» REQUIRED WORK: Each line from the one containing "Merlo Coffee Sample Pack" through the last line of the entries below is to be transcribed exactly. Nothing else belongs in the reply.

======== AVAILABLE DATA

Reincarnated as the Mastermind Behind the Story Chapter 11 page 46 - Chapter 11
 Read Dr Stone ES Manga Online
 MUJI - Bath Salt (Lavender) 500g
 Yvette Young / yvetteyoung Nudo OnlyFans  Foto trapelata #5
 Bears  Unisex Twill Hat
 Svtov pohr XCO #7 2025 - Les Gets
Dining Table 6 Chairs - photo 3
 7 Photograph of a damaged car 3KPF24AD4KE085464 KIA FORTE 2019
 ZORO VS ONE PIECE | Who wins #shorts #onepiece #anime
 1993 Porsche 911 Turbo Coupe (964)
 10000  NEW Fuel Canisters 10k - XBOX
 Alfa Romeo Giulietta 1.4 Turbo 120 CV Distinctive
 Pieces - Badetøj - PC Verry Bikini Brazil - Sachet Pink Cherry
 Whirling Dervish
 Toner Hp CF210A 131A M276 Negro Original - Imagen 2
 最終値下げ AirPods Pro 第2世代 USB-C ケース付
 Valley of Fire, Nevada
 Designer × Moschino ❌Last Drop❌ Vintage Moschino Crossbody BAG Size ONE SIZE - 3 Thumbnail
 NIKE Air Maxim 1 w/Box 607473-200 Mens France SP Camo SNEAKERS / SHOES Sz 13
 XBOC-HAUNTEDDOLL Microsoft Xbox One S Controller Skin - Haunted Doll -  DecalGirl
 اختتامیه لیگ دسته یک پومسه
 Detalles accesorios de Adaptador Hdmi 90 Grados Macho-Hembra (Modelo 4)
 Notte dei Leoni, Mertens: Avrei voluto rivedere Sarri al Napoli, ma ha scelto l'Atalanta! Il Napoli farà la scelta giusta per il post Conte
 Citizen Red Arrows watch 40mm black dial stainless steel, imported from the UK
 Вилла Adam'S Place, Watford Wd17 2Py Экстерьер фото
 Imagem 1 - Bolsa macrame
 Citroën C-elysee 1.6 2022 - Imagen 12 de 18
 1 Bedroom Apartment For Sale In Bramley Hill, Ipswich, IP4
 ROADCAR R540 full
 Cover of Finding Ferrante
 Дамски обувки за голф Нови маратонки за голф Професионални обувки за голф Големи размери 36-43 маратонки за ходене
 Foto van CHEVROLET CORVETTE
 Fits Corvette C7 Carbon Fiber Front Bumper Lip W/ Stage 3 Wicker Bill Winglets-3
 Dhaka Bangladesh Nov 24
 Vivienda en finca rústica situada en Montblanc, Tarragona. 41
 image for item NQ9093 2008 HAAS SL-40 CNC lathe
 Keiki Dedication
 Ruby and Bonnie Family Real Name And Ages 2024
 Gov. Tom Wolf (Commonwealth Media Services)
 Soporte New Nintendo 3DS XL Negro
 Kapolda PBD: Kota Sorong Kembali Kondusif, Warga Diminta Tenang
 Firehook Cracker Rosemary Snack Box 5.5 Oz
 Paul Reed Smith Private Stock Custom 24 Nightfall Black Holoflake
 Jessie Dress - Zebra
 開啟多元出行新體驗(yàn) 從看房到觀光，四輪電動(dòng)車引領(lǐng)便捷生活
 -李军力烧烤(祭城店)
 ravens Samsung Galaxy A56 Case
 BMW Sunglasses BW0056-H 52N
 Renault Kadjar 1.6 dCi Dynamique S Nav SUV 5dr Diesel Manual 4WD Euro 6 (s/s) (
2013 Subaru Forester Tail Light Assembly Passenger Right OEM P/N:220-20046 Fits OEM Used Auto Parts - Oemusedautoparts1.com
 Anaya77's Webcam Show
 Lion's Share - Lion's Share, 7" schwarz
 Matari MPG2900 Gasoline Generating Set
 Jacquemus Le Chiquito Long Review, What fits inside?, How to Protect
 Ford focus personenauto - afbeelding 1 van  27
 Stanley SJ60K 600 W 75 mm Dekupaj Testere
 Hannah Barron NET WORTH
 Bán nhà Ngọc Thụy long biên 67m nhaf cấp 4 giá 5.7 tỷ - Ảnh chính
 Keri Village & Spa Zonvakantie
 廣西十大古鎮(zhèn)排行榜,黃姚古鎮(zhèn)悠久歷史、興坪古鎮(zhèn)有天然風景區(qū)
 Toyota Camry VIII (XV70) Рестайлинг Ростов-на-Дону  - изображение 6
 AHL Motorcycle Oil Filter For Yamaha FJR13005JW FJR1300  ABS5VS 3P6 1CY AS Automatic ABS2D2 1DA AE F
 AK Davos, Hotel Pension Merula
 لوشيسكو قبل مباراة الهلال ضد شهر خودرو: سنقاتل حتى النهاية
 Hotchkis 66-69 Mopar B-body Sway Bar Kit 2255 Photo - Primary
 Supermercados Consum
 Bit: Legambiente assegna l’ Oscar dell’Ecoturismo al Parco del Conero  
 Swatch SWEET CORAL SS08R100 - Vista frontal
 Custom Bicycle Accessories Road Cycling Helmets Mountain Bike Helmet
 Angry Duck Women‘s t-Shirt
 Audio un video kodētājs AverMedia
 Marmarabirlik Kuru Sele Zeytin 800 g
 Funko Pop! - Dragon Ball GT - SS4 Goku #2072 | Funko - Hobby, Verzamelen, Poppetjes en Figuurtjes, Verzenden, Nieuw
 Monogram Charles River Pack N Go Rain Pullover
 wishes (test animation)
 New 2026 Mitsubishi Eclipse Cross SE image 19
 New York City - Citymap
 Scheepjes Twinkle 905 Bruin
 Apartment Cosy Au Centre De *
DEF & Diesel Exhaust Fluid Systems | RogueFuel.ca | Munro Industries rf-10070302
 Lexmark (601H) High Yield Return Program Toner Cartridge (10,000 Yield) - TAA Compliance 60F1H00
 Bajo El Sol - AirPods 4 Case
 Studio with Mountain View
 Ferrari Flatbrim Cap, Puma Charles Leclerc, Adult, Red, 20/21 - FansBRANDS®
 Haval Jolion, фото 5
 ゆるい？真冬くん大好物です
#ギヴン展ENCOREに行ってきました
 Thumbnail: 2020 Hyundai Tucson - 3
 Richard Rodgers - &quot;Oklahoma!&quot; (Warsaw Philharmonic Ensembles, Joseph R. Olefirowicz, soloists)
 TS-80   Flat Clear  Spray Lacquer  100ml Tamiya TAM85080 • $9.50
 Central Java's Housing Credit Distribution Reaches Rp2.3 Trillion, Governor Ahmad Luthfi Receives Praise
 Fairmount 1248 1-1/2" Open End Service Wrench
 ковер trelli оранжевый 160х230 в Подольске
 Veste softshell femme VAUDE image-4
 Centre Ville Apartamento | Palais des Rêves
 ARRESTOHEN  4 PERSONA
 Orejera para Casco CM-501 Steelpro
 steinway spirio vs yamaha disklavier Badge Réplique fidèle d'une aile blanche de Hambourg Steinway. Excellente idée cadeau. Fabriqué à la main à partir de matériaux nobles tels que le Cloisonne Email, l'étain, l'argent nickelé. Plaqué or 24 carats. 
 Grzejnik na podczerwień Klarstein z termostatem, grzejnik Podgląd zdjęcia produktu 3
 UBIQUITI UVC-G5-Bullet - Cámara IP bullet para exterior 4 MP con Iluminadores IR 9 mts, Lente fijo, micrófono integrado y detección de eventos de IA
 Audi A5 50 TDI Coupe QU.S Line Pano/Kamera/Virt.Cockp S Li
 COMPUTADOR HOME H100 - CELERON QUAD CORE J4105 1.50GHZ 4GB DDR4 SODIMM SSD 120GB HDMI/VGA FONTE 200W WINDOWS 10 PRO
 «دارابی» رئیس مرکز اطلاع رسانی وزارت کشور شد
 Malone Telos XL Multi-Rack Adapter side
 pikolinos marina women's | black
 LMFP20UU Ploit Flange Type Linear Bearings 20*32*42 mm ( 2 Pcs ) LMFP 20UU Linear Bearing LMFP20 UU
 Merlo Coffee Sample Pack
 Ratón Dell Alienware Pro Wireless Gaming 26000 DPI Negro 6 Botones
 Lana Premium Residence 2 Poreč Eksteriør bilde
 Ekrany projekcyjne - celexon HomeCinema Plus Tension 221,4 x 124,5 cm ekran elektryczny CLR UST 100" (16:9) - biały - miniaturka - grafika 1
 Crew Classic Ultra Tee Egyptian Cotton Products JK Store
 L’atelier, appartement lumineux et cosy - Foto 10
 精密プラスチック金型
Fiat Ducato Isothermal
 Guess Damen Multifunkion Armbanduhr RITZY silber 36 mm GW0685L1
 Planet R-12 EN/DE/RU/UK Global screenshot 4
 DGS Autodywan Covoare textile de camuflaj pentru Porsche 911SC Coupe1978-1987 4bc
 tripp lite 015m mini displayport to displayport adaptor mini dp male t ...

================

» OUTPUT BELOW:
 Merlo Coffee Sample Pack
 Ratón Dell Alienware Pro Wireless Gaming 26000 DPI Negro 6 Botones
 Lana Premium Residence 2 Poreč Eksteriør bilde
 Ekrany projekcyjne - celexon HomeCinema Plus Tension 221,4 x 124,5 cm ekran elektryczny CLR UST 100" (16:9) - biały - miniaturka - grafika 1
 Crew Classic Ultra Tee Egyptian Cotton Products JK Store
 L’atelier, appartement lumineux et cosy - Foto 10
 精密プラスチック金型
Fiat Ducato Isothermal
 Guess Damen Multifunkion Armbanduhr RITZY silber 36 mm GW0685L1
 Planet R-12 EN/DE/RU/UK Global screenshot 4
 DGS Autodywan Covoare textile de camuflaj pentru Porsche 911SC Coupe1978-1987 4bc
 tripp lite 015m mini displayport to displayport adaptor mini dp male t ...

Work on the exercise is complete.